*Work required:* In the listing, locate the line containing "NNEVL 7 Piece Garden Bar Set Black and Grey", then quote it and all following lines exactly. Omit pictures.
>>>
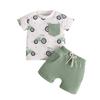 Conjunto de dos piezas para bebé niño, camiseta de manga corta con estampado de dibujos animados de coches y cuello redondo, novedad de verano de 2025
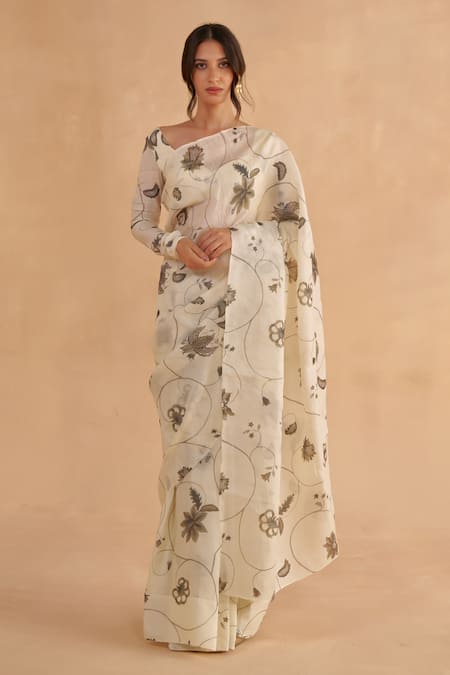 Ruchi Marodia Vintage Floral Print Saree With Blouse 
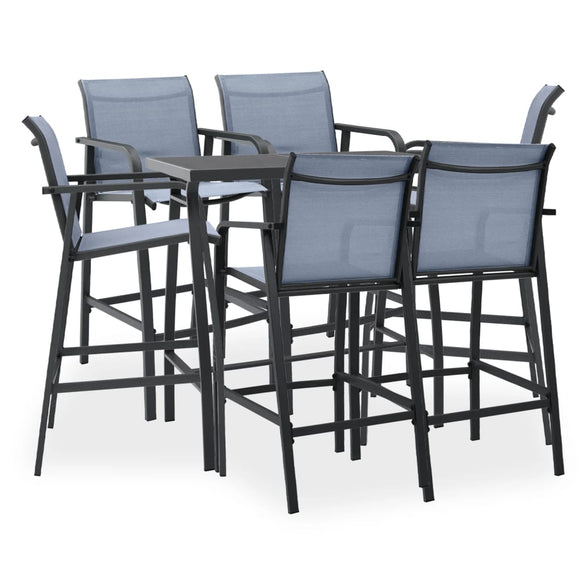 NNEVL 7 Piece Garden Bar Set Black and Grey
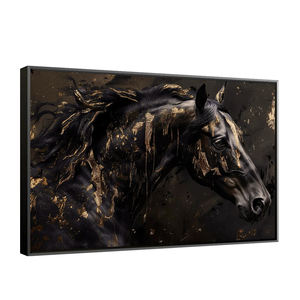 <span class=keywords><strong>Peinture</strong></span> numérique sur toile abstraite dorée brillante représentant un <span class=keywords><strong>cheval</strong></span>, art mural équestre, portrait équin, décoration murale, cristal noir, stalleon - Product Image 1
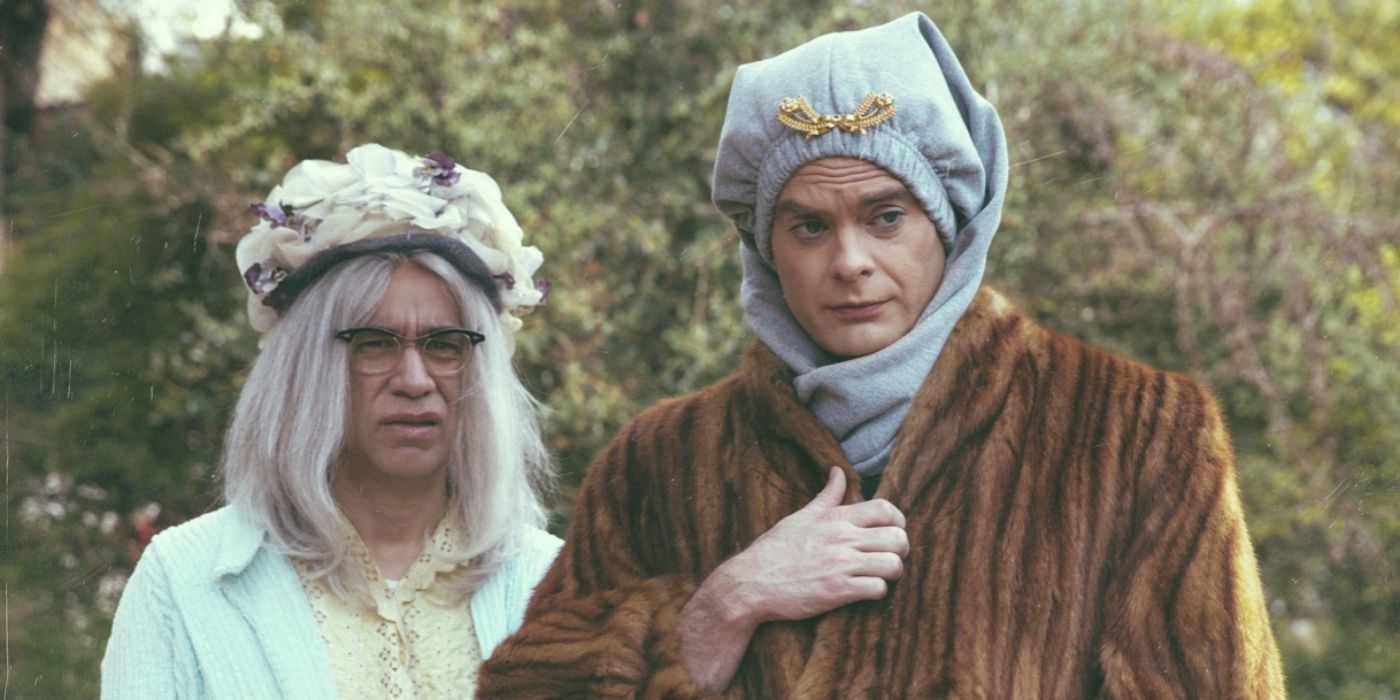 Fred Armisen and Bill Hader dressed as older ladies in the first episode of Documentary Now!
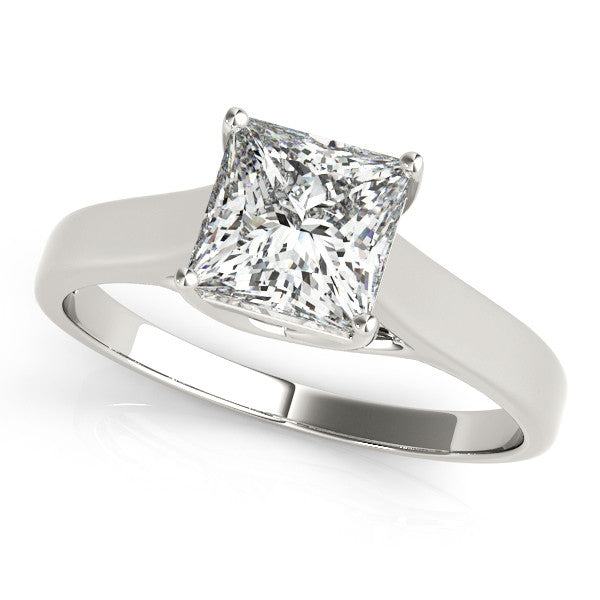 White gold Princess Cut Diamond Solitaire Engagement Ring with Tapered Plain Band and Four-Prong Setting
<<<
*Worked solution:*
 NNEVL 7 Piece Garden Bar Set Black and Grey
 <span class=keywords><strong>Peinture</strong></span> numérique sur toile abstraite dorée brillante représentant un <span class=keywords><strong>cheval</strong></span>, art mural équestre, portrait équin, décoration murale, cristal noir, stalleon - Product Image 1
 Fred Armisen and Bill Hader dressed as older ladies in the first episode of Documentary Now!
 White gold Princess Cut Diamond Solitaire Engagement Ring with Tapered Plain Band and Four-Prong Setting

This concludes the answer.